Candidate: Hua Fan
Title: Building Scalable and Consistent Distributed Databases under Conflicts
Date: March 14, 2018
Time: 1:30 PM
Place: EIT 3142
Supervisor(s): Golab, Wojciech
Distributed databases, which relay on redundant and distributed storage across multiple servers, are able to provide mission-critical data management services at large scale. Parallelism is the key to the scalability of distributed databases, but concurrent queries having conflicts may block or abort each other when strong consistency is enforced using rigorous concurrency control protocols. This work studies the techniques of building scalable distributed databases under strong consistency guarantees even in the face of high contention workloads. The techniques proposed in this work share a common idea, conflict avoidance, meaning proactively avoiding potential conflicts in the concurrency control in the first place instead of resolving contending conflicts. Using this idea, concurrent queries under conflicts can be executed with high parallelism. This work explores this idea on both databases that support serializable ACID (atomic, consistency, isolation, durability) transactions, and eventually consistent NoSQL systems.
First, the epoch-based concurrency control (ECC) technique is proposed in ALOHA-KV, a new distributed key-value store that supports high performance read-only and write- only distributed transactions.

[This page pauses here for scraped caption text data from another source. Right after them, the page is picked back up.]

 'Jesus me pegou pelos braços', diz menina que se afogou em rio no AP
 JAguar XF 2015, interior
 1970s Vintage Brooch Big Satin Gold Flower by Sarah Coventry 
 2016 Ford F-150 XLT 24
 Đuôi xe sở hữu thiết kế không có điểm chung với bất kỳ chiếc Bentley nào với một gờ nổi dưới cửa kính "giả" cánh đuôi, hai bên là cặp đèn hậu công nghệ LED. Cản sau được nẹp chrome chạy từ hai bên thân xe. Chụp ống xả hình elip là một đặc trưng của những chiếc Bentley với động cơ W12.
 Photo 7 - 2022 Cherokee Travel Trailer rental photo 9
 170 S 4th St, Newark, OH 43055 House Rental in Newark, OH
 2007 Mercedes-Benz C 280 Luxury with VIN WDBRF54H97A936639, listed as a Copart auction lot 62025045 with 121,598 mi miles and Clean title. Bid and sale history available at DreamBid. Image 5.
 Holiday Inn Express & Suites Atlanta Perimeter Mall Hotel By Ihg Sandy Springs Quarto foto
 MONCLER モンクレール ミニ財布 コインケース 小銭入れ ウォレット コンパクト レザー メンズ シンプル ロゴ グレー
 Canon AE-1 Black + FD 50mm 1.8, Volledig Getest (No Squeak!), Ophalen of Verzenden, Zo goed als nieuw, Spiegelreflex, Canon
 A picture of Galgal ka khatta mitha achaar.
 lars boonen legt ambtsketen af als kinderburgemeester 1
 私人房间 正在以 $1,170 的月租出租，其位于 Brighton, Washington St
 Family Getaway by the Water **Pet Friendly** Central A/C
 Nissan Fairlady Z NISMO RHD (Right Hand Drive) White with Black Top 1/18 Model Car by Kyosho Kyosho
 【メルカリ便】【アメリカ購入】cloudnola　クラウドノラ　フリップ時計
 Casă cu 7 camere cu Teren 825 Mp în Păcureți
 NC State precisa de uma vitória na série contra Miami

ECC demonstrates that concurrent serializable distributed transactions can be processed in parallel with low overhead even under high contention. With ECC, a new atomic commitment protocol is developed that only requires amortized one round trip for a distributed write-only transaction to commit in the absence of failures. Thus, ALOHA-KV can execute distributed transactions efficiently under conflicts.
Second, a novel paradigm of serializable distributed transaction processing is developed to extend ECC with read-write transaction processing support. This paradigm uses a newly proposed database operator, functors, which is a placeholder for the value of a key, which can be computed asynchronously in parallel with other functor computations of the same or other transactions. Functor-enabled ECC achieves finer-grain concurrency control than transaction level concurrency control, while ECC already guarantees transaction atomicity and resolves transaction orders. This combination of techniques never aborts transactions due to read-write or write-write conflicts but allows transactions to fail due to logic errors or constraint violations while guaranteeing serializability. ALOHA-DB, a scalable distributed transaction processing system, is implemented atop ALOHA-KV to support functor-enabled ECC.
Lastly, this work explores consistency in the eventually consistent system, Apache Cassandra, for an investigation of the consistency violation anomalies, referred to as “consistency spikes”. A read-write conflict, if which is not resolved appropriately, may result in a consistency violation. This investigation shows that the consistency spikes exhibited by Cassandra are strongly correlated with garbage collection, particularly the “stop-the-world” phase in the Java virtual machine. Avoiding potential read-write conflicts by delaying read operations artificially at servers immediately after a garbage collection pause, can virtually eliminate these spikes.
All together, these techniques allow distributed databases provide scalable and consistent storage service.